We've now launched an exercise where we're trying to more systematically identify them. We have some information around application health. Recently, the clerk established a DM committee on core services. The minister, as well as this committee, will be working to more systematically identify those larger systems that are aging and at risk. We do need to know the number.

9:25 a.m.

NDP

Matthew Green NDP Hamilton Centre, ON

My concern is that we have departmental reports and results that have objectives and aims, yet we have no real key performance indicators to be able to measure the progress of the department if we haven't identified already what we're going to define broadly across the services as being at risk. Critical failure in IT is a national security issue. I'm hearing about DOS and I'm hearing about these old legacy systems. I worked at a bank—I won't name it—that ran DOS, and it was a nightmare. That was almost 10 years ago.

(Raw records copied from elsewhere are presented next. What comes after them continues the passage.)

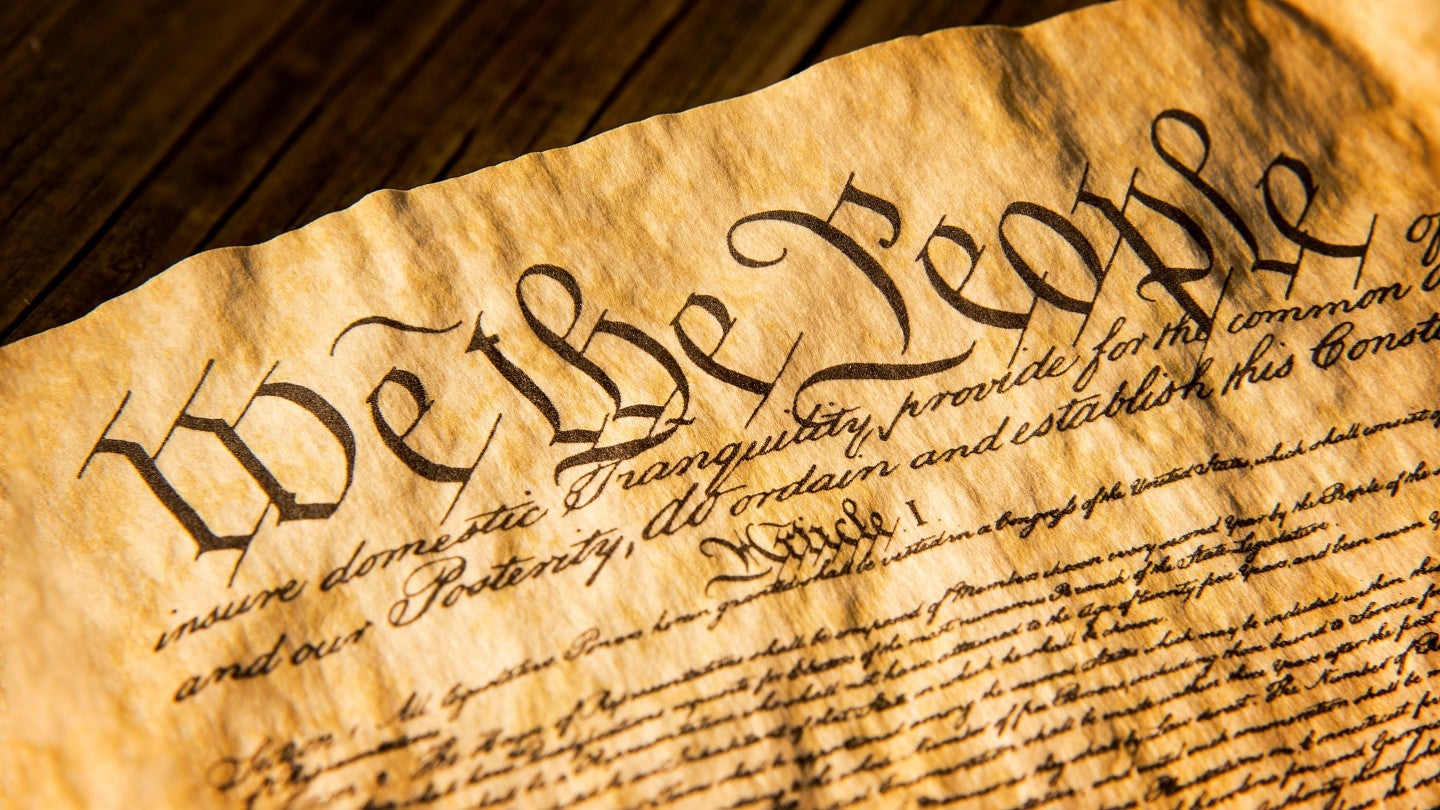 Snap shot of the US Bill of Rights with the opening sentence of we the people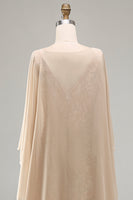 Load image into Gallery viewer, Sparkly Floral Long Mermaid Champagne Beaded Mother of the Bride Dress with Cape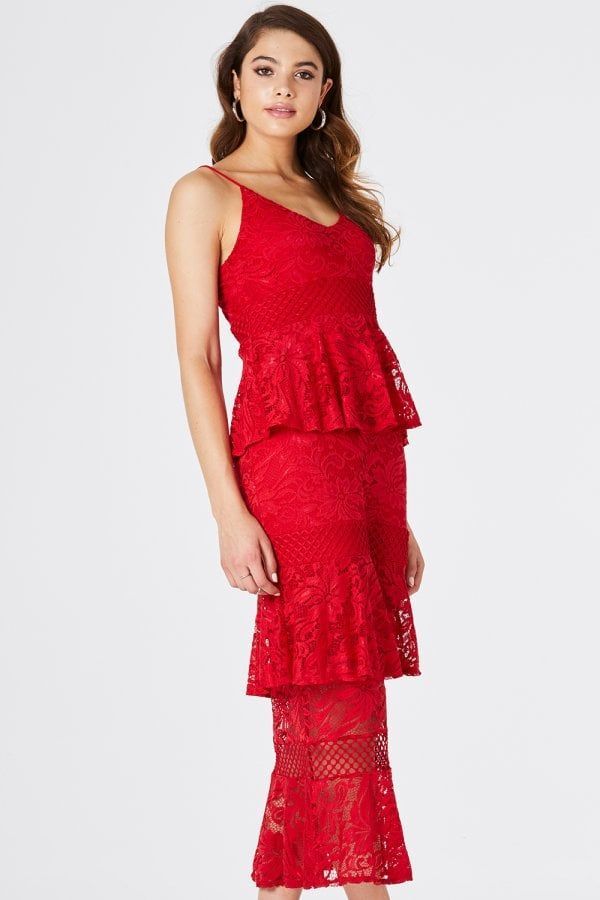 Born Tiered Ruffle Midi Dress size: 10 UK, colour: Red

Once you've completed this task, when can we expect an update back to this committee, once you have clear definitions, so that when we go to reflect on the progress of your department, we can actually see what has been done in this critical space? Right now, I'm not hearing a very comfortable answer in terms of being clear about just what kind of stage of critical “rusting out”, I think they're calling it in your briefing letter, we're facing here.

9:25 a.m.

Liberal

Joyce Murray Liberal Vancouver Quadra, BC

Part of what digital government is now about is measurement. We need baseline measures, and we do have the process of having departmental plans and reports. I think you're absolutely right. We need to do this based on the numbers. As we accomplish this inventory, we will certainly have that reflected in it.

9:25 a.m.

NDP

Matthew Green NDP Hamilton Centre, ON

Is there a time frame?

While I have my 10 seconds, do you have a time frame for when you are going to report back?